Consolidating binaries into a structured deps/ directory for NuGet packaging.

Sources: .github/workflows/compile.yml1-23

Workflow Overview

The native binary compilation is managed by the compile.yml GitHub Actions workflow, which can be triggered manually via workflow_dispatch or through automated pushes to the cron_job branch. The workflow accepts a llama_cpp_commit parameter that specifies which branch, tag, or commit hash of llama.cpp to build against.

Compilation Workflow Logic

The workflow uses concurrency control to prevent multiple builds with the same parameters from running simultaneously. Each compilation job runs independently in parallel, and the build-deps job waits for all compilation jobs to complete using the needs keyword.

Sources: .github/workflows/compile.yml3-16 .github/workflows/compile.yml24-600

Platform and Backend Matrix

The compilation system uses GitHub Actions matrix builds to generate binaries for 40+ platform/backend combinations.
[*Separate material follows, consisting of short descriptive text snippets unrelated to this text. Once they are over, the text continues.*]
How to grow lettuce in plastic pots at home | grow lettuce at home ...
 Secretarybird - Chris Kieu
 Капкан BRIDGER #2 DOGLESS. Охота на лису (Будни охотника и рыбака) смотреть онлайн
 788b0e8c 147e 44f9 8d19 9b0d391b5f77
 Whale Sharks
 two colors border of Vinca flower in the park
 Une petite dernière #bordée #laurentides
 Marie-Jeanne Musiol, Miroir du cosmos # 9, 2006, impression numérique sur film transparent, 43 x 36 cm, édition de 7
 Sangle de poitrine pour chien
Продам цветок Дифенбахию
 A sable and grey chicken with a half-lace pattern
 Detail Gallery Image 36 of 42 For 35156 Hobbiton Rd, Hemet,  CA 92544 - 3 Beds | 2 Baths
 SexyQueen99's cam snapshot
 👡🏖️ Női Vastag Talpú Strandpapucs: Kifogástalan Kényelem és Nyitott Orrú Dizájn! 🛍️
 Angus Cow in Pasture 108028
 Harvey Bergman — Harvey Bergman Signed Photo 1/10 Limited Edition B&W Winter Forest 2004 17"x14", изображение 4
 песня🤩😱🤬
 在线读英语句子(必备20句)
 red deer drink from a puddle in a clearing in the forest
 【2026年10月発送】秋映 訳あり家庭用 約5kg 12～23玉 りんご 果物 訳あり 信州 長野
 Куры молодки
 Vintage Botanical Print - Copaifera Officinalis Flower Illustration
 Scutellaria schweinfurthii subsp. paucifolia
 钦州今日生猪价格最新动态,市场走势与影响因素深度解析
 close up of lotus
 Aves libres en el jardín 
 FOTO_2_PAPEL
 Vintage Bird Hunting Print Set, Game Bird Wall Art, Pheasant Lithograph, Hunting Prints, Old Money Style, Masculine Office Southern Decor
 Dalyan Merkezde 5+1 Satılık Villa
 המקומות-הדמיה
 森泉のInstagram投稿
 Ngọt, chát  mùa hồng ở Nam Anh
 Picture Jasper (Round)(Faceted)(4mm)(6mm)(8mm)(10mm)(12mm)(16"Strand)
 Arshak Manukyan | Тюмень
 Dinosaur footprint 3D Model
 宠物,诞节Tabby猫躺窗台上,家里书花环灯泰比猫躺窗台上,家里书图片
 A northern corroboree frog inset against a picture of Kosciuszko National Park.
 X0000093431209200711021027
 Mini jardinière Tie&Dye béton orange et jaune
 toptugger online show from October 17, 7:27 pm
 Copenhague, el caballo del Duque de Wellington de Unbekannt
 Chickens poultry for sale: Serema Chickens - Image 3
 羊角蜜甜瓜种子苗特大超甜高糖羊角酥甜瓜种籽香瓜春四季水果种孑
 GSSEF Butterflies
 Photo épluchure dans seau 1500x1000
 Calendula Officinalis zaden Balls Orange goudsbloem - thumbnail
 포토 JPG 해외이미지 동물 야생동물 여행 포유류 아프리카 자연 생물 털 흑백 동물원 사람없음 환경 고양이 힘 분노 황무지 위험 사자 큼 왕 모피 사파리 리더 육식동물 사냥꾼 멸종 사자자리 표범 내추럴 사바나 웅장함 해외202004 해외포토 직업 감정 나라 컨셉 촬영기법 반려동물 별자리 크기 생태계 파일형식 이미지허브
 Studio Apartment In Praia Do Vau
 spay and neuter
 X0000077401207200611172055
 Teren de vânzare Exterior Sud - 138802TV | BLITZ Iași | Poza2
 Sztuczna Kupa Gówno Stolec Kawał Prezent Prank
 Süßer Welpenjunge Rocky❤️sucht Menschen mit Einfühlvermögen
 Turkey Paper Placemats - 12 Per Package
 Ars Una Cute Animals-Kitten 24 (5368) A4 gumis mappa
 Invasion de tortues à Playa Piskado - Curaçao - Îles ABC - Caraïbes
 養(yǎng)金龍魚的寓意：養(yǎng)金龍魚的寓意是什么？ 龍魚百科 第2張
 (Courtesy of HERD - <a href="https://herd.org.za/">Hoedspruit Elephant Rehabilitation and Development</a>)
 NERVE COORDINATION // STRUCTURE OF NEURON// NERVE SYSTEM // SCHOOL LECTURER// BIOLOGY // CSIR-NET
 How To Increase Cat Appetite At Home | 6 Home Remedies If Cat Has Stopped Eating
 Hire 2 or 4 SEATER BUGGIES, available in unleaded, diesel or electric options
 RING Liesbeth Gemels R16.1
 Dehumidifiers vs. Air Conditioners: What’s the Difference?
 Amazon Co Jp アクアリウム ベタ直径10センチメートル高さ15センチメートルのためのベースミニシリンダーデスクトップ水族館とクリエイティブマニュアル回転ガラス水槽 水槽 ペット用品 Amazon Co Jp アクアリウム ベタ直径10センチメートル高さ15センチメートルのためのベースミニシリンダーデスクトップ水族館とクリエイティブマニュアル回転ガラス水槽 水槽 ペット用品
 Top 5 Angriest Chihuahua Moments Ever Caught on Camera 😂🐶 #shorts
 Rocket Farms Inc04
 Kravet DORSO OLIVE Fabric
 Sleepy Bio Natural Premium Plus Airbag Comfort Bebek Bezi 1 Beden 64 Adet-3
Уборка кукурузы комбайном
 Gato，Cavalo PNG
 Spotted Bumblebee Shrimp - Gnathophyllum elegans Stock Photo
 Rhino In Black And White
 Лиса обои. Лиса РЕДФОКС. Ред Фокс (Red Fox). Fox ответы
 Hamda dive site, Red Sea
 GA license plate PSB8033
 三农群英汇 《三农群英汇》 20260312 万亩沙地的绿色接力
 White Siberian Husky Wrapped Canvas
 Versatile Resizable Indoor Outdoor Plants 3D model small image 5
CPU Backend Configurations

Platform	Matrix Configurations	Architectures	Notes
Linux	`noavx`, `avx`, `avx2`, `avx512`, `aarch64`	x64, arm64	Ubuntu 22.04/24.04
Linux musl	`noavx`, `avx`, `avx2`, `avx512`	x64	Alpine Linux container
Windows	`noavx`, `avx`, `avx2`, `avx512`	x64	MSVC compiled
Windows ARM64	`arm64`	arm64	ClangCL toolchain
macOS	`arm64`, `x64`, `x64-rosetta2`	arm64, x64	Metal support on arm64
Android	`arm64-v8a`, `x86_64`	arm64, x86_64	NDK r26d

The AVX configurations control CPU instruction set support:

noavx: -DGGML_AVX=OFF -DGGML_AVX2=OFF -DGGML_FMA=OFF .github/workflows/compile.yml30-31
avx: -DGGML_AVX2=OFF .github/workflows/compile.yml38-39
avx2: Standard build flags .github/workflows/compile.yml34-35
avx512: -DGGML_AVX512=ON .github/workflows/compile.yml42-43

Sources: .github/workflows/compile.yml24-154 .github/workflows/compile.yml156-216

GPU Backend Configurations

Backend	Platforms	SDK Version	Key Flags
CUDA	Windows, Linux	CUDA 12.4.0	`-DGGML_CUDA=ON`
Vulkan	Windows, Linux	Latest	`-DGGML_VULKAN=ON`
Metal	macOS arm64	Built-in	`-DGGML_METAL=ON`

Sources: .github/workflows/compile.yml18-21 LLama/runtimes/build/LLamaSharp.Backend.Cuda12.Windows.nuspec25-30 LLama/runtimes/build/LLamaSharp.Backend.Vulkan.Windows.nuspec25-30

CMake Build Configuration

All compilation jobs use CMake with common defines and platform-specific settings.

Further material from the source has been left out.